▶ Task item
A verbatim copy of the records is required, with all pictures left out.

(Beginning of Study material)

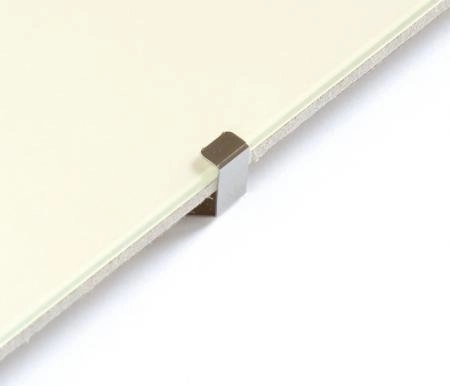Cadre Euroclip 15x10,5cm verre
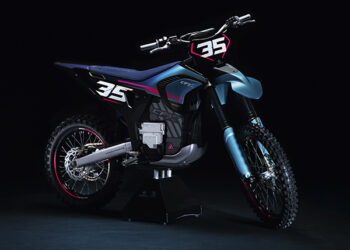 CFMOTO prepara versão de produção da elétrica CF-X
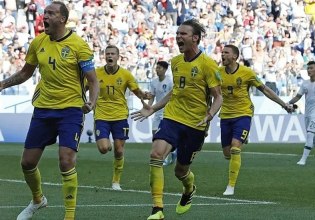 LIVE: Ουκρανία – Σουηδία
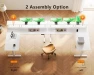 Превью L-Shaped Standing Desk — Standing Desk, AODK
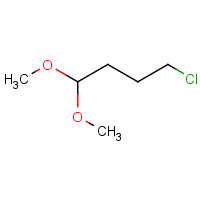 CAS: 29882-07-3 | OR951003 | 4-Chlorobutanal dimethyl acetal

(End of Study material)

▶ Exercise answer
Cadre Euroclip 15x10,5cm verre
 CFMOTO prepara versão de produção da elétrica CF-X
 LIVE: Ουκρανία – Σουηδία
 Превью L-Shaped Standing Desk — Standing Desk, AODK
 CAS: 29882-07-3 | OR951003 | 4-Chlorobutanal dimethyl acetal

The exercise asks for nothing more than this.